====== STORED DATA ======

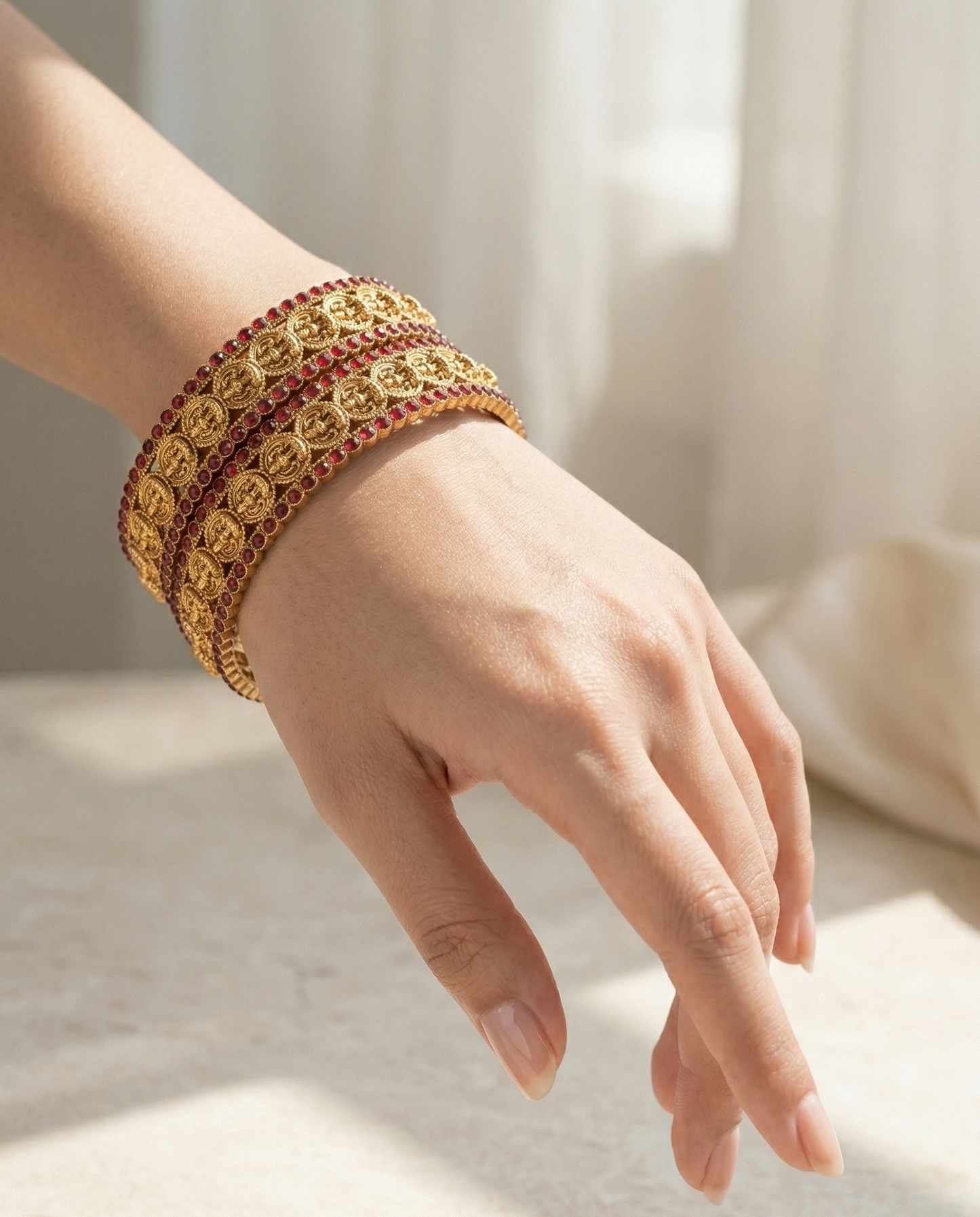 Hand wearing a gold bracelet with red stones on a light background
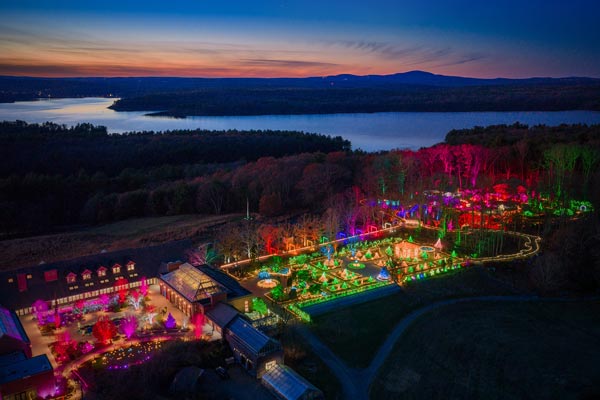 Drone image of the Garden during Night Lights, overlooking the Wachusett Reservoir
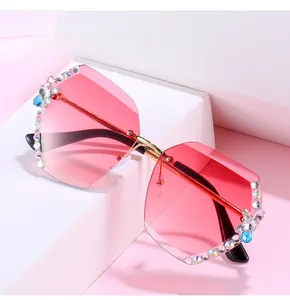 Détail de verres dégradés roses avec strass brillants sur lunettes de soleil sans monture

======

Print the listing exactly, minus its pictures.

*TASK RESPONSE*.
 Hand wearing a gold bracelet with red stones on a light background
 Drone image of the Garden during Night Lights, overlooking the Wachusett Reservoir
 Détail de verres dégradés roses avec strass brillants sur lunettes de soleil sans monture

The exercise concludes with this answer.